Bottom line – the leading interpretation of a reputable and important study swung wildly back and forth over the course of a decade, based not on revolutionary reinterpretations but on quibbles over technical details, while no one was able to view the full data and calculations of the original. For anyone assuming that a prestigious journal’s review process – or even a paper’s reputation – is a sufficient stamp of reliability on a paper, this is a wake-up call.
Some principles we use in interpreting academic research
- Never put too much weight on a single study. If nothing else, the issue of publication bias makes this an important guideline. (On this note, note that the 2009 Roodman and Morduch paper was rejected for publication; its sole peer-reviewer was an author of the original paper that Roodman and Morduch were questioning.)
- Strive to understand the details of a study before counting it as evidence. Many “headline claims” in studies rely on heavy doses of assumption and extrapolation. This is more true for some studies than for others.

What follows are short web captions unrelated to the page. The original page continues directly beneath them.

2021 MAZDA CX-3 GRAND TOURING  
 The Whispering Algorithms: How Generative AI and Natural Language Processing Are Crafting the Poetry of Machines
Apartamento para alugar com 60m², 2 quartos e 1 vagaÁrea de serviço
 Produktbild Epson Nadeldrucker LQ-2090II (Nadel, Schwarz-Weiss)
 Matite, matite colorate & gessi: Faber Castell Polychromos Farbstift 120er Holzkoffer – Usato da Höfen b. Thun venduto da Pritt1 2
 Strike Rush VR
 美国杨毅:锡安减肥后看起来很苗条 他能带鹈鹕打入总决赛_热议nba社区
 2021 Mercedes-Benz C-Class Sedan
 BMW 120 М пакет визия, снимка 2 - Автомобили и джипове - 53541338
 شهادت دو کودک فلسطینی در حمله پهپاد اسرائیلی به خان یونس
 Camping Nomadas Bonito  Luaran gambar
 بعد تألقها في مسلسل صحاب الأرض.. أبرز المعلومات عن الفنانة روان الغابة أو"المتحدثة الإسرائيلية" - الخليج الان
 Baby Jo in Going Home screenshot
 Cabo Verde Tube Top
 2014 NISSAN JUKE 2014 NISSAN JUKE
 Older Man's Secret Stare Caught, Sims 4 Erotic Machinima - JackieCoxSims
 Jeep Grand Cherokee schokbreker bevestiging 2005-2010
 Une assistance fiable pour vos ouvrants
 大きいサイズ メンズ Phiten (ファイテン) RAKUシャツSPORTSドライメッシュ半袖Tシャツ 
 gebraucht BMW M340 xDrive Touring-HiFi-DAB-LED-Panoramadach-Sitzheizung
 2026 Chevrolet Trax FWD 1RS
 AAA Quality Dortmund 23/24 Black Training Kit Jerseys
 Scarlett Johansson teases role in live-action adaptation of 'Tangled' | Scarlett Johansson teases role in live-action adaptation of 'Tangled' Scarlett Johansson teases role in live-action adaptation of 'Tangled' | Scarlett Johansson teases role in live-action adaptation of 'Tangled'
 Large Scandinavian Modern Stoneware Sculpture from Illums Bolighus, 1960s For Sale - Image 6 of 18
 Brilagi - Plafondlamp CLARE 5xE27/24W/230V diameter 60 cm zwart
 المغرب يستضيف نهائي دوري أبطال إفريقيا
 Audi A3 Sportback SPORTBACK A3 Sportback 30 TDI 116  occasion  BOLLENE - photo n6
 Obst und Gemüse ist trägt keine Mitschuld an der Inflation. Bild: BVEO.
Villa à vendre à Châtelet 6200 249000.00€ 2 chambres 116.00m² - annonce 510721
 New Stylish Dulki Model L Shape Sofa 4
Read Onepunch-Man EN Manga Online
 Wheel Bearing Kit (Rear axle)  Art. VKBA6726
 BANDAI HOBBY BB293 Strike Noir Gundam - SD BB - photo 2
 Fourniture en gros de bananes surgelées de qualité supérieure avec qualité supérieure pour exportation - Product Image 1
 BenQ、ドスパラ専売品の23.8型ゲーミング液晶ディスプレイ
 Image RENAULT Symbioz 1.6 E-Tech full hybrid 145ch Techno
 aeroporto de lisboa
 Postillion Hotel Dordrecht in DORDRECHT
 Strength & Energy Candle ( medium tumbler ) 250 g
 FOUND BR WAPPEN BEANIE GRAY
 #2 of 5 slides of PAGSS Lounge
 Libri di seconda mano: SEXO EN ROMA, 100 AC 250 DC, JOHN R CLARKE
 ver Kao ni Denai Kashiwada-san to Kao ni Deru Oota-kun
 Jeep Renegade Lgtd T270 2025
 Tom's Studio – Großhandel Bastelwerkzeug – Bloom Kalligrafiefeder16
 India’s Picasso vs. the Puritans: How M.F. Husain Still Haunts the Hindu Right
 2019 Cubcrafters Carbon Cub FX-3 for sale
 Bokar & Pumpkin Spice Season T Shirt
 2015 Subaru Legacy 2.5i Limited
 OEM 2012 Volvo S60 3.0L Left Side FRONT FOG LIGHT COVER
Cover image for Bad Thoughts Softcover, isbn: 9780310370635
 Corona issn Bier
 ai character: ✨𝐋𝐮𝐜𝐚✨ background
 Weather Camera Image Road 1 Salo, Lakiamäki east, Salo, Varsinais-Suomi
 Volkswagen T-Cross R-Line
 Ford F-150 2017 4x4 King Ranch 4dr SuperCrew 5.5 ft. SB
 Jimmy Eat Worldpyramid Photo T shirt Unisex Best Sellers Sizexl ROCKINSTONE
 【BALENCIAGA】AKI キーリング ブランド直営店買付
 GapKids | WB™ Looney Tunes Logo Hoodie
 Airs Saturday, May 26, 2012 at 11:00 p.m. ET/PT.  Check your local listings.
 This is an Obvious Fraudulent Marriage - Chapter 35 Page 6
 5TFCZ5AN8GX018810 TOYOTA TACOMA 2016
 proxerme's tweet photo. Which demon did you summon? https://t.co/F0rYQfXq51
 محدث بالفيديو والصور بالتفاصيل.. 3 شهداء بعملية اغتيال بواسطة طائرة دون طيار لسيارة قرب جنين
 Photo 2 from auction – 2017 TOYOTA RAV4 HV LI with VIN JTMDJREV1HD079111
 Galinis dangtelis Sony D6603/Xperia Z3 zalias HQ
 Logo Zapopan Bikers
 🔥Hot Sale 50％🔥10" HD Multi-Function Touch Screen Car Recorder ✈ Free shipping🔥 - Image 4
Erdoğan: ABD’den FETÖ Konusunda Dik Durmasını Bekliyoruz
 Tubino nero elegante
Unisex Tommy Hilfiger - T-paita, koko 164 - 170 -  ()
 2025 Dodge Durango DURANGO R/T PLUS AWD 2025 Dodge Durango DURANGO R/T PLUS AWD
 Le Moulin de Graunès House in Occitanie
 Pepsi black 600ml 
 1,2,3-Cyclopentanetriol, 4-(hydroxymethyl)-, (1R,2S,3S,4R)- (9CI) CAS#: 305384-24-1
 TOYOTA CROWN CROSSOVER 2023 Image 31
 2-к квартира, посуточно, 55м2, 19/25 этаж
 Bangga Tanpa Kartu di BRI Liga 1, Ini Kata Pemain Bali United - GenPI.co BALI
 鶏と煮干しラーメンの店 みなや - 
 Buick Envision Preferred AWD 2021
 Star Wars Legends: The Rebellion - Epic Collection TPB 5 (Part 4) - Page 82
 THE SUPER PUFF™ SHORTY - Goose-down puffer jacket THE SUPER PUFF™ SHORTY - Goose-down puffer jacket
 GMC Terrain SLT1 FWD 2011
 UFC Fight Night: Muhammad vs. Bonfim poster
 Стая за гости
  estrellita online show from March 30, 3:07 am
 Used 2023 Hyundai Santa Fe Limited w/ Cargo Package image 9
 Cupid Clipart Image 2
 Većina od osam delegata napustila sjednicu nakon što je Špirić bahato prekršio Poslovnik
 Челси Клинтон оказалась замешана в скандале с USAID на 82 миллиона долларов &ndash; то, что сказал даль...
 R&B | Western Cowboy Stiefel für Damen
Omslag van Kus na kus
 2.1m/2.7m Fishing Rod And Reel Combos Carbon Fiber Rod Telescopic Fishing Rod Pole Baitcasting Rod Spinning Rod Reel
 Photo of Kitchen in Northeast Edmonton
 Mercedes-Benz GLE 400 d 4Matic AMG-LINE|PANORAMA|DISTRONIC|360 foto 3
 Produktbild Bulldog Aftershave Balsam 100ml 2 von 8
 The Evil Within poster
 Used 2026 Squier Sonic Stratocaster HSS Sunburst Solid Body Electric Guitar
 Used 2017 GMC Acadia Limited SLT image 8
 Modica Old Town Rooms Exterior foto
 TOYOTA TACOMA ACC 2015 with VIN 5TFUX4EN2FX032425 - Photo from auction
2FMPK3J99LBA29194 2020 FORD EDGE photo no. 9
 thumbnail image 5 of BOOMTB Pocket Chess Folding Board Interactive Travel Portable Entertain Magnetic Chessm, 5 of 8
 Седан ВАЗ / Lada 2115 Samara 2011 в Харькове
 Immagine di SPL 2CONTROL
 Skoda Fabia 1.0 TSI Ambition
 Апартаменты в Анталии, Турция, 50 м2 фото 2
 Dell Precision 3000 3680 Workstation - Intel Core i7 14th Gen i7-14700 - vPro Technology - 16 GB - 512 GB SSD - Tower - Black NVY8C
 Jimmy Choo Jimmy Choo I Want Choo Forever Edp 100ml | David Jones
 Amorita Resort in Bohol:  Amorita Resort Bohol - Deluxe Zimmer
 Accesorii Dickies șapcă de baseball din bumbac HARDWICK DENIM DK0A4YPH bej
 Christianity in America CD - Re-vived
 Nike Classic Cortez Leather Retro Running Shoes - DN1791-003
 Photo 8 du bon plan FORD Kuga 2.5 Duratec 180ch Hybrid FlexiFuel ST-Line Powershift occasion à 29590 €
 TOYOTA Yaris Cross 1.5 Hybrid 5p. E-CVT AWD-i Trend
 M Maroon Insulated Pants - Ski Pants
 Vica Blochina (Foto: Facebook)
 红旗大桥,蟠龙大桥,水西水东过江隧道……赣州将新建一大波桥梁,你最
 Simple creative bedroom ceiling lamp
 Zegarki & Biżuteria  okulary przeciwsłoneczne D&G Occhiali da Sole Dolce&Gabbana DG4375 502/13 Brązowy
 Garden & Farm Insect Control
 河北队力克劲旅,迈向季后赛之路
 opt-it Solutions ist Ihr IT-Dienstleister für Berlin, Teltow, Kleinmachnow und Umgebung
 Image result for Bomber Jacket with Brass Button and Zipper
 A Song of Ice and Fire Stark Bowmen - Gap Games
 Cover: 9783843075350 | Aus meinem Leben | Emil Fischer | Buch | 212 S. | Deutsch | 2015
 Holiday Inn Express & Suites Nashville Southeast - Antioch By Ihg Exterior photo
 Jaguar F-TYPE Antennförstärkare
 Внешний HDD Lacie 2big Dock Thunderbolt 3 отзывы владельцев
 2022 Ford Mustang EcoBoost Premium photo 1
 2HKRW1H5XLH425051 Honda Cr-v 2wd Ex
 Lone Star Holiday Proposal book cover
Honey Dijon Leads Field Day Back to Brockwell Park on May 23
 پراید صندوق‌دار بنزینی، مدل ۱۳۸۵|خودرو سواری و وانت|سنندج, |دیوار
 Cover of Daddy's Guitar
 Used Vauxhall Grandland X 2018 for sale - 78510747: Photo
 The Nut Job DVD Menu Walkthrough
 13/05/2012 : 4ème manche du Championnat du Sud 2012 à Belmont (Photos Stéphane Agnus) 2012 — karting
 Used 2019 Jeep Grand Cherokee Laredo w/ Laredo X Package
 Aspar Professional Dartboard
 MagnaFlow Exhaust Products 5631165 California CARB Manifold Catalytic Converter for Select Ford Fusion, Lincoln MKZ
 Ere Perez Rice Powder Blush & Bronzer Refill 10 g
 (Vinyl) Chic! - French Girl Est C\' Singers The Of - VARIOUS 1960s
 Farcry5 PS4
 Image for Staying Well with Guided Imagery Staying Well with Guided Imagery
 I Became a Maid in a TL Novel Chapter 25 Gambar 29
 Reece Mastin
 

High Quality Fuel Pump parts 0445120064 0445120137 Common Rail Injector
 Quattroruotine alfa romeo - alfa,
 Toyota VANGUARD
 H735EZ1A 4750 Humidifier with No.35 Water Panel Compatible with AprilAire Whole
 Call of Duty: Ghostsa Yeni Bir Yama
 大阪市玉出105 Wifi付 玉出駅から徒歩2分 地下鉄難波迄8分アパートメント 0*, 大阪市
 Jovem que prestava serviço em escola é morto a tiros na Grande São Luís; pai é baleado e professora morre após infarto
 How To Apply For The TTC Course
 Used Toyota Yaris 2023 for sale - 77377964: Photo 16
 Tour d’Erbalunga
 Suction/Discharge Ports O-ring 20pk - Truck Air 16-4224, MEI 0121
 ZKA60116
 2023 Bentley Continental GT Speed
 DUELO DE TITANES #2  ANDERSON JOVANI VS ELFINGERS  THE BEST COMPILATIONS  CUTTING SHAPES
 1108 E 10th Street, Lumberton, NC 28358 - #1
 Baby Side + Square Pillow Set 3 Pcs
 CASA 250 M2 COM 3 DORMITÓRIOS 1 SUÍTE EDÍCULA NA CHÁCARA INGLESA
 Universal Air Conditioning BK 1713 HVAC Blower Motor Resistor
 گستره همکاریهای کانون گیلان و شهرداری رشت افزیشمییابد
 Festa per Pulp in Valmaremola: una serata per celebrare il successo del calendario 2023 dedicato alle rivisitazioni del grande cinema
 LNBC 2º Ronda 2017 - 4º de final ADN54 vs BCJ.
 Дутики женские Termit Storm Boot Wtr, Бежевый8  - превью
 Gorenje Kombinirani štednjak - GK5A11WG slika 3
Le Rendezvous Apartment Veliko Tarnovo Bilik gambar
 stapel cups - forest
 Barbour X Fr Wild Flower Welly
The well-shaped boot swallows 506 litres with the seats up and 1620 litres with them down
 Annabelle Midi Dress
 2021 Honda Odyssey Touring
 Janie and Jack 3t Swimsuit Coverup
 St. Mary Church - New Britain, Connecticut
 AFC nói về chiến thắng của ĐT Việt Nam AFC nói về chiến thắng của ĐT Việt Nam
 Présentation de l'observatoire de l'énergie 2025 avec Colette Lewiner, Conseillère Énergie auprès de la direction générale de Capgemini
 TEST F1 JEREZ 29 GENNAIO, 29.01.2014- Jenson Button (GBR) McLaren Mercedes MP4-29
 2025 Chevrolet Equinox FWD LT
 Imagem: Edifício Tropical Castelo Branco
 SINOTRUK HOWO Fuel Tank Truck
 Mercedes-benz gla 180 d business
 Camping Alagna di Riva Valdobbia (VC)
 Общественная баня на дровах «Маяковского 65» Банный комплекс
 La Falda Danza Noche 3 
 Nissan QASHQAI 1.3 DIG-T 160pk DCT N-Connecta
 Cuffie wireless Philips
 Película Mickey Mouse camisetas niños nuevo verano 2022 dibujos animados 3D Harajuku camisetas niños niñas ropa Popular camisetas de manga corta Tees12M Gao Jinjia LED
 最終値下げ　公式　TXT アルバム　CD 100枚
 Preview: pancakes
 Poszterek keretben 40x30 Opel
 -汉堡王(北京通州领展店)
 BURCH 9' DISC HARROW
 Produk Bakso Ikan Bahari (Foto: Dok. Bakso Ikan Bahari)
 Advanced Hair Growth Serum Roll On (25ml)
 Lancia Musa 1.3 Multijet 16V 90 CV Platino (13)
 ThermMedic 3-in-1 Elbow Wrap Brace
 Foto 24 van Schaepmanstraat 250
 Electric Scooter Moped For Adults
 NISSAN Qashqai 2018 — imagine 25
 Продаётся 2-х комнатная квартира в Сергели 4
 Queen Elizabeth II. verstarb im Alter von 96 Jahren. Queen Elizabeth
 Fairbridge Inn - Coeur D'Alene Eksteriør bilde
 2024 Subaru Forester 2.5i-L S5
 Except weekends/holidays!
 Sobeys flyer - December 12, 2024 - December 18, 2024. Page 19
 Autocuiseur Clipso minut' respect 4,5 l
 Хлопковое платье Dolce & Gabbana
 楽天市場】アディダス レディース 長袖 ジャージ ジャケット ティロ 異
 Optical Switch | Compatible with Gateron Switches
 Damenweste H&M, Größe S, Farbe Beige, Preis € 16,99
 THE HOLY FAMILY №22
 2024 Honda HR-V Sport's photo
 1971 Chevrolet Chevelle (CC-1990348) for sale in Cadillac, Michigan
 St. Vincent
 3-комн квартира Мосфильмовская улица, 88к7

- If a study’s assumptions, extrapolations and calculations are too complex to be easily understood, this is a strike against the study. Complexity leaves more room for errors and judgment calls, and means it’s less likely that meaningful critiques have had the chance to emerge. Note that before the 2009 response to the study discussed here was ever published, GiveWell took it with a grain of salt due to its complexity (see quote above). Randomized controlled trials tend to be relatively easy to understand; this is a point in their favor.
- If a study does not disclose the full details of its data and calculations, this is another strike against it – and this phenomenon is more common than one might think.
- Context is key. We often see charities or their supporters citing a single study as “proof” of a strong statement (about, for example, the effectiveness of a program). We try not to do this – we generally create broad overviews of the evidence on a given topic and source our statements to these.
While a basic fact can be researched, verified and cited quickly, interpreting an impact study with appropriate care takes – in our view – concentrated time and effort and plenty of judgment calls. This is part of why we’re less optimistic than many about the potential for charity research based on (a) crowdsourcing; (b) objective formulas. Instead, our strategy revolves around transparency and external review.